ミリオタライター二木知宏の「武器で見る映画」第9回

“パロディ”と“リアリティ”のハーモニー! ミリオタが思わず唸る『キングコング:髑髏島の巨神』

kgkg0502.jpg映画『キングコング:髑髏島の巨神』公式サイトより

 武器で見る映画第9回は、怪獣映画の金字塔キングコングの最新作『キングコング:髑髏島の巨神』(原題: Kong: Skull Island 2017)です。キングコングといえば、誰でもそのおおよその姿は想像できると思いますが、キングコングは時代ごとに、あらゆる武器の標的となってきました。そこで今回も、この映画に出てくる武器を紹介していきましょう。

 物語は、第二次世界大戦中、アメリカの航空機「P-51 マスタング」と日本の航空機「零式艦上攻撃機」が墜落するところから始まります。P-51 マスタングは第二次大戦中のアメリカの傑作機で、史上最高のレシプロ戦闘機と呼ばれた代物。レシプロとはレシプロエンジンの略で、エンジンの一種を指します。このマスタングのレシプロエンジンは、マーリンといい、なんと高級車で有名なロールス・ロイス製なのです! すごい運動性能!

 対して、零式艦上攻撃機。零戦といえば、日本人なら一度は聞いたことがあるでしょう。零戦については、ジブリ映画の『風立ちぬ』(2013)とかで詳しく描かれていますが、徹底した軽量化が図られ、高い格闘性能を実現しています。マスタングと零戦というのは、時代のアイコンであり、この機体が出てくれば、つまり、第二次大戦中だとわかるようになっているわけです。

 物語が進んで、1973年、アメリカがベトナム戦争で敗北を喫した後のころ。かたくなに「敗けてない、撤退だ。」と言っていたアメリカ軍の兵士が登場するように、この映画、実に多くのオマージュやパロディ要素が散りばめられています。例えば、島の調査のために使おうと出てきた「サイズミック爆弾」、これは『スターウォーズシリーズ』に登場した「サイズミック・チャージ」という爆弾のオマージュだろうと思います。今回の『キングコング』で、アメリカ軍大佐のプレストン・パッカードを演じたサミュエル・L・ジャクソンが『スターウォーズシリーズ』にも重要な役で出演していることが影響しているのででしょう。
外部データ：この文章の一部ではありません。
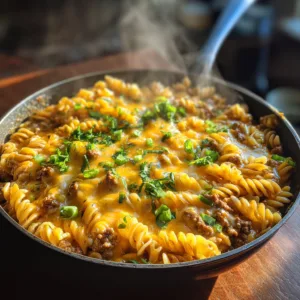 One-pot creamy taco pasta with ground beef topped with cheese and cilantro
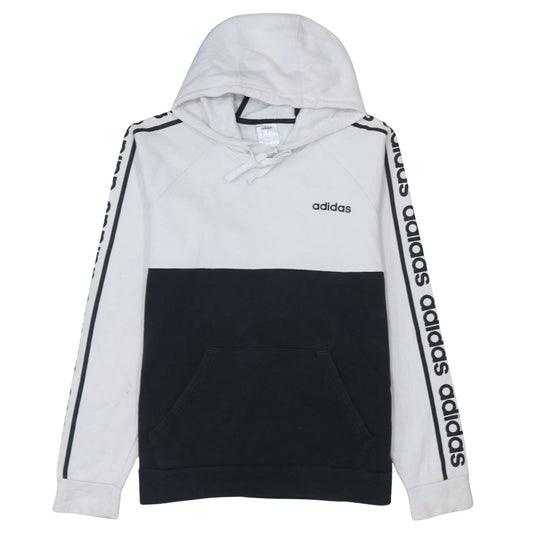 Adidas Men's White & Black Pullover Hoodie Size S Classic Logo Style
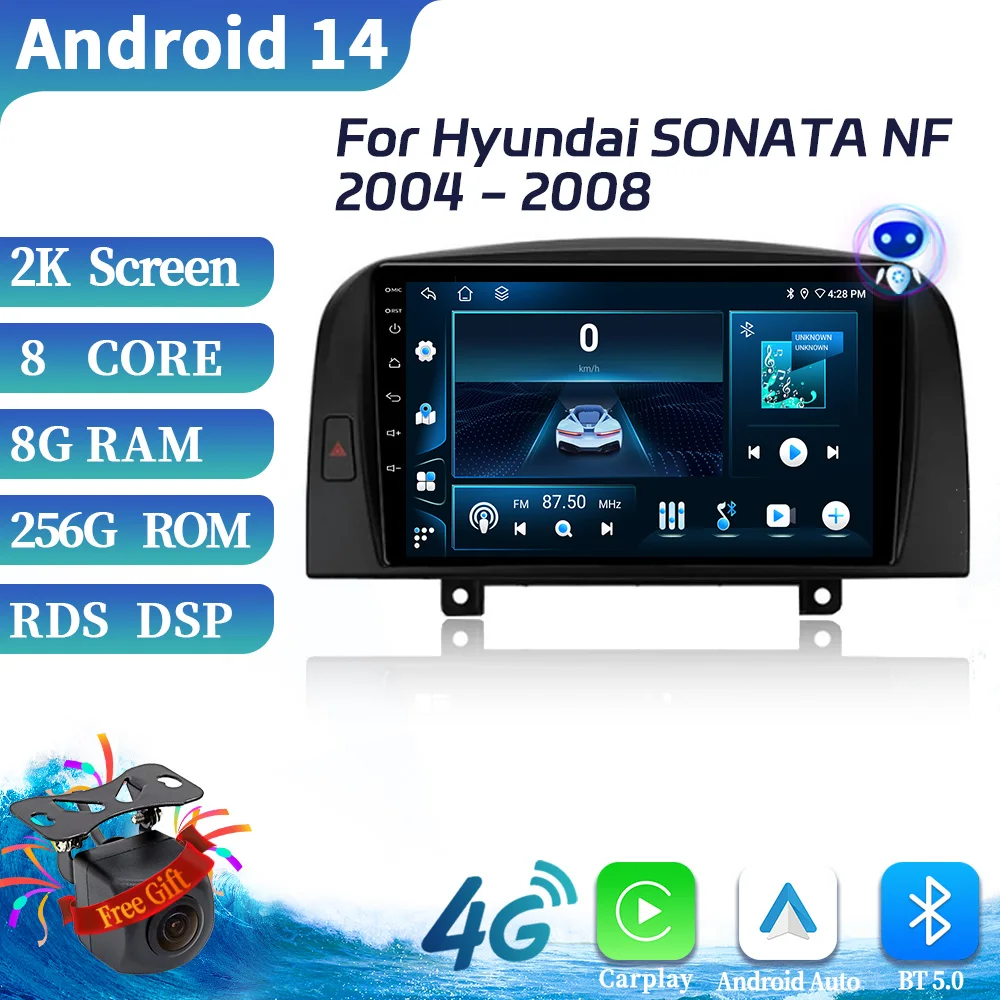 

Car Radio Multimedia Video For Hyundai SONATA NF 2004-2008 Android 14 Navigation Wireless Stereo 4G BT GPS CarPlay Touch Screen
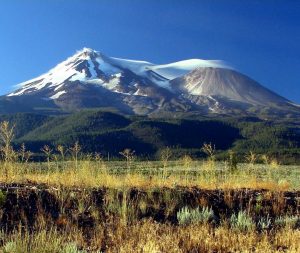 A smaller parasitic cone called Shastina on the flanks of Mt. Shasta in Washington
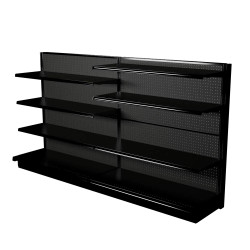 Lozier Wood Gondola Wall Display Unit With 8 Shelves | DGS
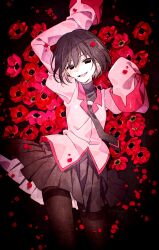 1girl arm_up arms_up black_background black_eyes black_hair black_pantyhose black_skirt bob_cut breasts dated empty_eyes flower hair_between_eyes highres long_sleeves looking_at_viewer lying manimani_(mani_ma) monogatari_(series) naoetsu_high_school_uniform necktie on_back open_mouth oshino_ougi pale_skin pantyhose petals pink_shirt pleated_skirt puffy_sleeves red_flower school_uniform shirt short_hair skirt sleeves_past_fingers sleeves_past_wrists smile solo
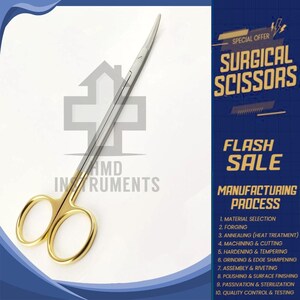 Kaye Facelift Scissors – 18cm Curved Supercut Surgical Blades | Premium Stainless Steel Tool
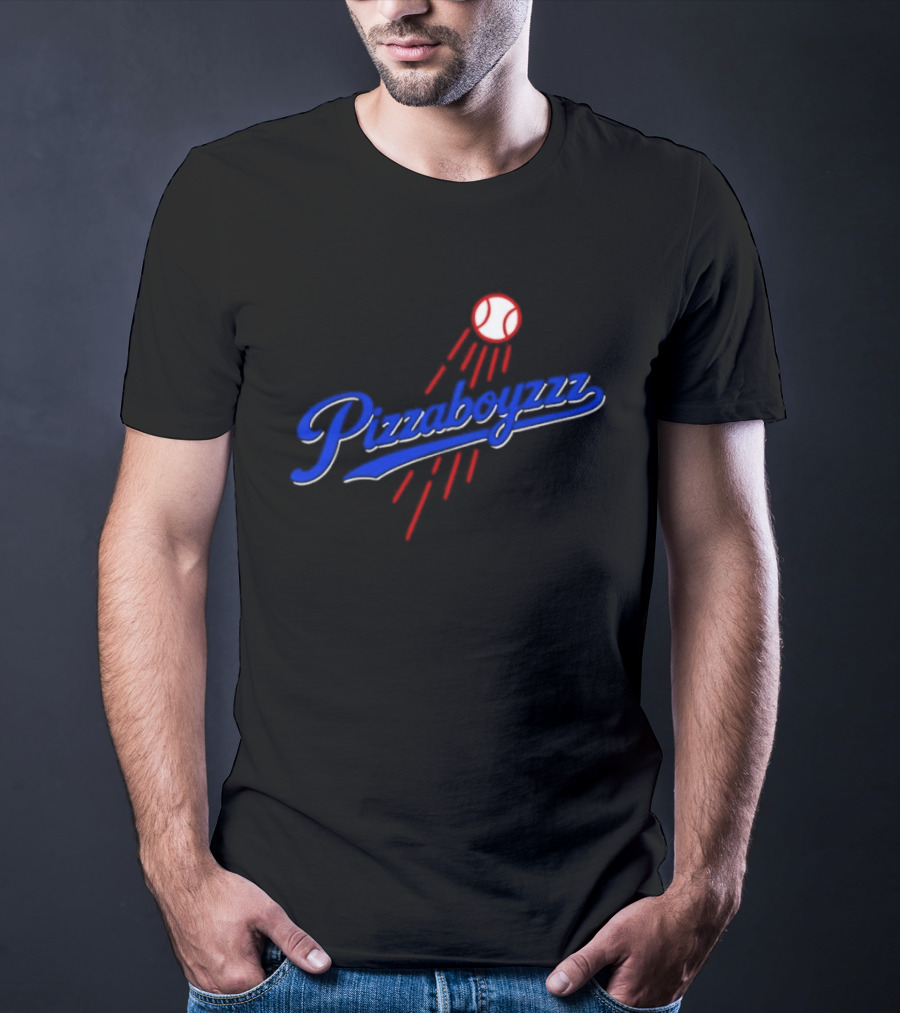 Pizzaboyzzz Los Angeles Dodgers MLB Baseball 2026 Baseball Projectile Motif T-Shirt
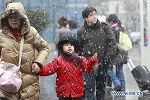 Happy passengers at Shanghai railway station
 髑髏島に上陸する面々の武装も時代を反映しています。主な武装はコルト社製「アサルトライフルM16A1」、世界で一番有名なアサルトライフルですね。このM16にM203グレネードランチャーを装着したモデルも登場します。また、スプリングフィールド造兵廠製「M14ライフル」を携えた兵士も登場します。M14は、フルオート射撃もできるので、ほぼアサルトライフルですが、銃床が曲がっており、フルオート射撃時の制御が困難だということが、ベトナム戦争で表面化してしまい、M16に主力小銃の座を奪われるという運命をたどっています。しかし、高い威力と長い射程から、M14をフルオート射撃もできる狙撃銃として運用する兵士も多く、そのため、ベトナム戦争帰りの兵士達がM16やM14を装備しているのは、リアリティー溢れる描写といえます。

 兵士の一人が装備している「カラシニコフAK−47」。アメリカ軍なのに「?」と頭に疑問符が浮かぶ人も多いことでしょう。カラシニコフのAK−47とは、ミハイル・カラシニコフが設計したソ連軍正式採用小銃で、先述したアメリカ軍正式採用M16と世界を二分し、“世界で最も多く使用された小銃”としてギネス記録も持っています。ベトナム戦争でベトコンたちは主にAKを使用していました。では、なぜアメリカ軍が使用しているのか? それは簡単です。AK-47が開発されたのは1947年、正式採用が1949年、対してM16は、1957年開発の1962年から正式採用で、少しだけ新しいんですね。兵器と兵士の関係は面白いもので、古い武器は、それまで使用してきた信頼があります。操作性などは、新しい銃より、今まで使っていた銃の方が習熟度が増していることは明らか。命を預ける非常に大切な道具である銃を容易に新調することはしないんです。正式採用された新しい銃が配備されても、一つ前のモデルを使用している兵士が多い理由がこれです。兵士と兵器っていうのは、常に新しいものを望みながらも、新しいものに対する不信感に溢れている、この矛盾を抱えた存在なんです。話を戻しますね、つまり、採用されて間もないM16は信頼性がまだ低く、敵から奪ったAK-47を使用する兵士が多かったという資料が残っています。このAK-47にまつわる話が映画内でも語られます。それはぜひとも劇場でご覧いただきたい限りです。